I haven’t put much thought into Veterans’ or Memorial Day, even as a military member, until this past Monday. I remember being on watch last Sunday and having to work until mid-afternoon on Monday. I was griping quietly to myself and my wife about burning most of a four-day weekend, preparing for a security inspection. I sat down Monday evening to write and hit a wall. So, doing what any modern 29-year-old does, I opened Facebook and started scrolling through the lives of my friends and family. It was post after post about Memorial Day and being grateful to soldiers, remembering their sacrifice and our loss when they don’t come home. Or when they do, and they’re quite broken. It took about two minutes for me to realize what an enormous ass I had made of myself the previous 48 hours.
While I spent that time muttering imprecations about the inefficient bureaucracy of the military, there were families and very lonely people visiting the Vietnam Wall; folks that have been grieving for the last 40 years.

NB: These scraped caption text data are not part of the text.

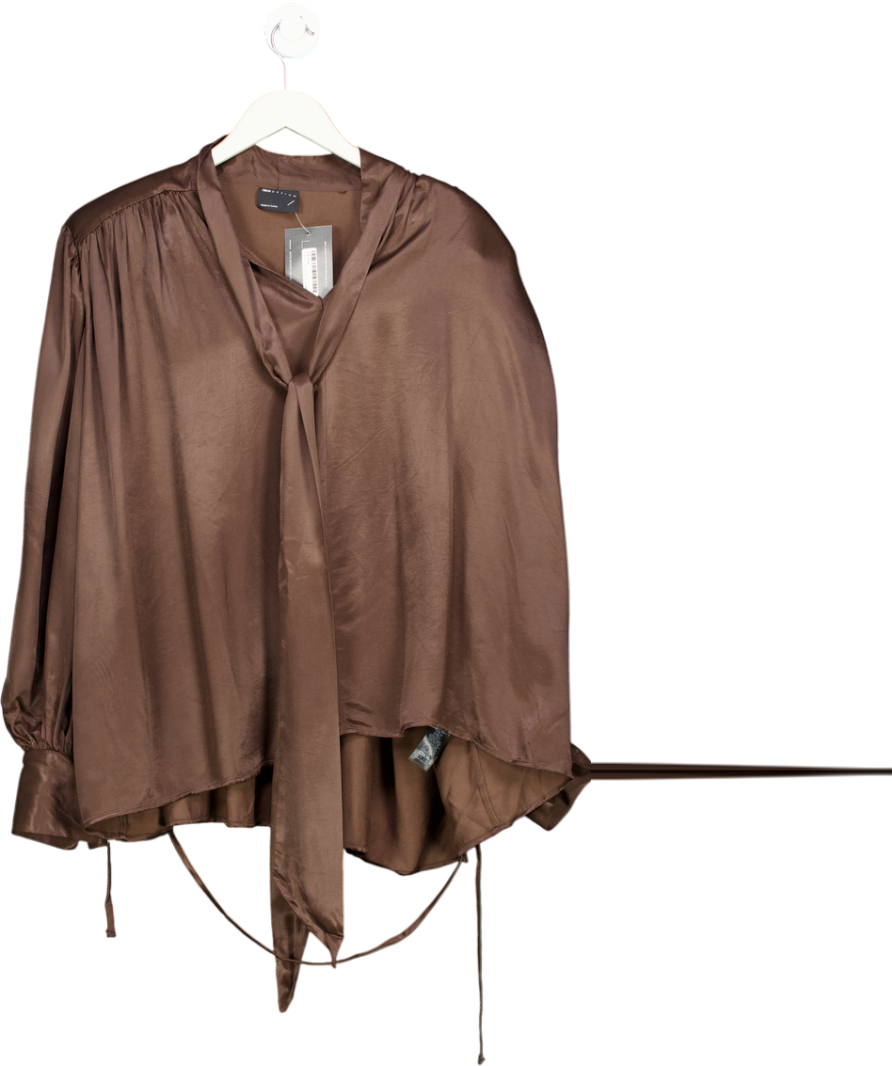ASOS Brown Satinn Neck Tie Blouse UK 16
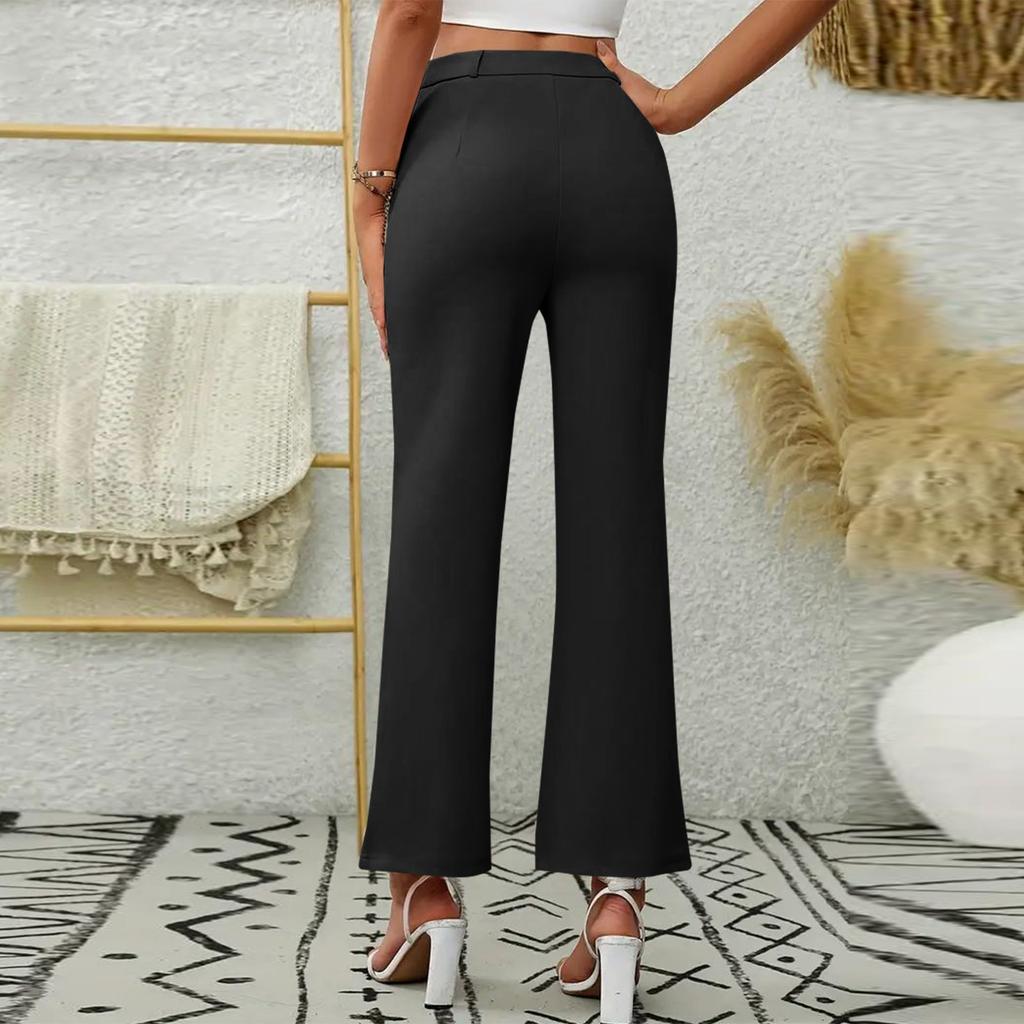 Women's Straight Pants Fashion Casual Pants Nine Point Harlan Pants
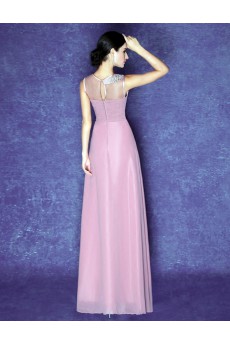 Chiffon Jewel Floor Length Sleeveless Sheath Dress with Sequins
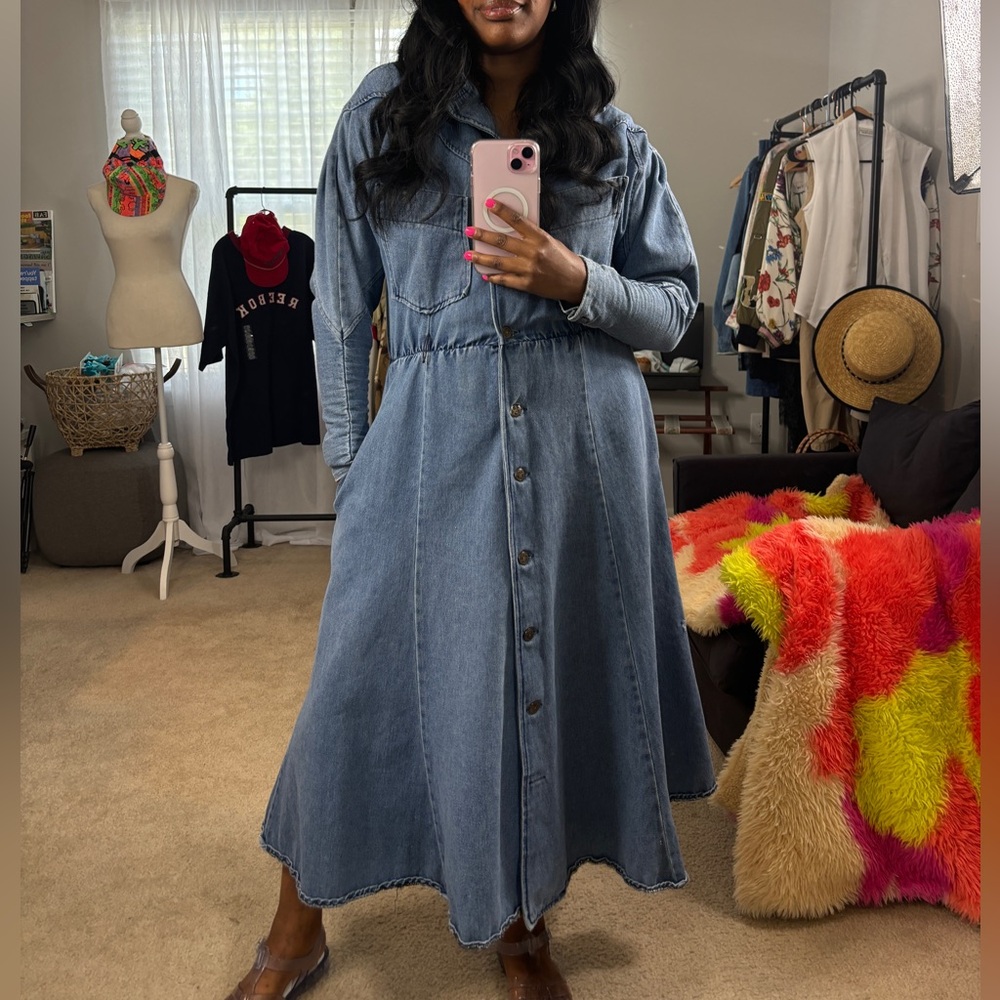 Women's Western Collection Denim Maxi Button Down Dress-No Size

There were homeless men on the streets of Savannah, Georgia, weaving poppy blossoms from reeds and handing them out in silent remembrance. While I was bitching about being forced to come in to work again on my day off, there were men and women on ships and in the sandbox far from home, whose downtime consisted of taking off their body armor and putting their rifles down for long enough to eat and sleep, whose only break from endless watch rotations on their boat or submarine is the same movie they’ve seen a hundred times or the paperback that has been read so often they can almost recite their favorite chapter by heart. I closed the laptop in disgust with myself and went to bed.
I woke up Tuesday morning to a particularly vivid nightmare. I haven’t slept well since.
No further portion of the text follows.